Kampanyanın arkasındaki isim ve kuruluşları tek tek ayrıntılarıyla yazdıktan sonra Selvi, devşirme casus operasyonunu anlattı.
(…)Tüm bunların yanısıra Hakan Fidan’ın hedef seçilmesinde Mossad parmağını inkar etmek mümkün değil. 28 Şubat süreci ve özellikle de PKK ile mücadelede İsrail’le işbirliği yaptığımız 90′lı yıllarda Türkiye’yi bir operasyon üssü gibi kullanmaya alışan İsrail istihbaratı, MİT tarihinde ilk kez, ‘İstihbarata Karşı Koyma’ faaliyeti ile karşılaşınca, alanının daraldığının farkına varmıştı. Hakan Fidan MİT Müsteşarlığı’na atandığı andan itibaren doğrudan hedefi olmuştu İsrail’in.
Dananın kuyruğunun koptuğu olay ise, Mossad’ın, Türk vatandaşları arasından İran’a karşı casusluk yapmak üzere eleman devşirme faaliyetlerinin tespit edilmesi üzerine kopuyor.
Örneğin İstanbul, Iğdır, Van, Konya ya da Osmaniye’de İran’la ilişkili Türk vatandaşlarını İsrail casusu olarak yetiştirme faaliyetlerinin farkına varılarak engellenmesi…
Yani her devletin yaptığı İstihbarata Karşı Koyma faaliyeti.
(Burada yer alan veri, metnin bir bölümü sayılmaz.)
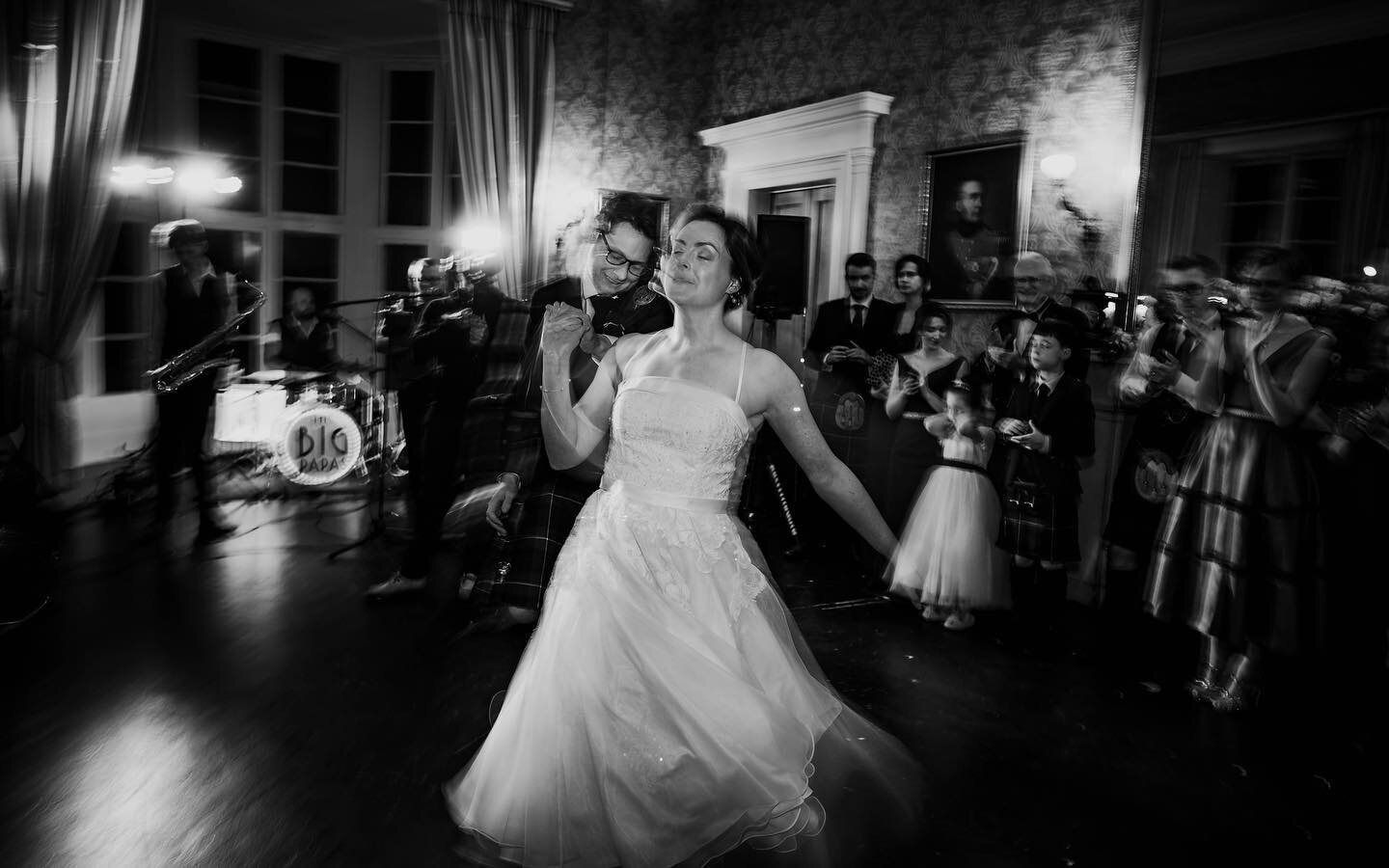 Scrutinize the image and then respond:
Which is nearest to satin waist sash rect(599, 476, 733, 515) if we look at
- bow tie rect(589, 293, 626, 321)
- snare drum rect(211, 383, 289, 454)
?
bow tie rect(589, 293, 626, 321)

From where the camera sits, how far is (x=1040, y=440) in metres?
3.89

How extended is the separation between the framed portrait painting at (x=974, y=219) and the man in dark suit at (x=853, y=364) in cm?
64

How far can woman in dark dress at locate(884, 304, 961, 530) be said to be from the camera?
4.54m

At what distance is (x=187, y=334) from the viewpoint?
195 inches

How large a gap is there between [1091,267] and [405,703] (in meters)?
4.00

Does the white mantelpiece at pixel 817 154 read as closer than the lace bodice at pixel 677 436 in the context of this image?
No

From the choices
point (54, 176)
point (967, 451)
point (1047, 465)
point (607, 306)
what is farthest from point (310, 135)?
point (1047, 465)

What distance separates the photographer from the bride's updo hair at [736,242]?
2201mm

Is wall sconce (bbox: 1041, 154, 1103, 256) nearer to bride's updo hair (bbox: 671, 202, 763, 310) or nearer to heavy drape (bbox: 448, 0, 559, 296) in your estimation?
bride's updo hair (bbox: 671, 202, 763, 310)

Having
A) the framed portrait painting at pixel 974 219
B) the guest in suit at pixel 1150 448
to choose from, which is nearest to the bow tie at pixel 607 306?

Başka bir deyişle kontrespiyonaj çalışması.
Bugün İran’a karşı yetiştirilecek olan casusların yarın Türkiye’ye karşı kullanılması tehlikesinin önüne geçilmesi. Yani elini kolunu sallayarak Türkiye’de faaliyet yapan İsrail’in nasırına basılması.
Sanıyorum sadece bu sebep dahi Hakan Fidan’ın hedef seçilmesine yeter.
MÜSLÜMAN ÜLKELER HEDEFTE
MİT Müsteşarı Hakan Fidan’a yönelik en etkili operasyon üssünün ise, kısa adı FDD olan, ‘Foundation for Defence of Democracies’ yani ‘Demokrasiyi Koruma Vakfı’ isimli kuruluş olduğu anlaşılıyor.
11 Eylül saldırılarının ardından kurulan ve ABD’nin askeri müdahalesine destek oluşturmak için alelacele kurulan kuruluşlardan biri. FDD’in mali desteğini ise Yahudi işadamlarının güçlü bağışları oluşturuyor. 2006 yılında düzenlenen ‘Teröre Karşı Küresel Savaş’ başlıklı konferans ABD Başkanı George W. Bush’tan övgü alan FDD etkinliklerinden biriydi. FDD’nin resmi internet sitesindeki, ‘TOP sorunlar’ olarak sıralanan başlıklara bakmanın faaliyet alanı hakkında fikir edinmeye yeteceği kanaatindeyim. Afganistan, El Kaide, Arap Baharı, Mısır, Terörle Küresel Savaş, İran, İsrail, Kuzey Afrika, Filistin ve Suriye… Seçimlerde Başkan Obama’ya karşı kampanya yürüten Yahudi koalisyonu içinde yer alan FDD, şu sıralarda İran’la yakınlaşma siyaseti güden Obama’ya sert eleştiriler yöneltmesiyle tanınıyor.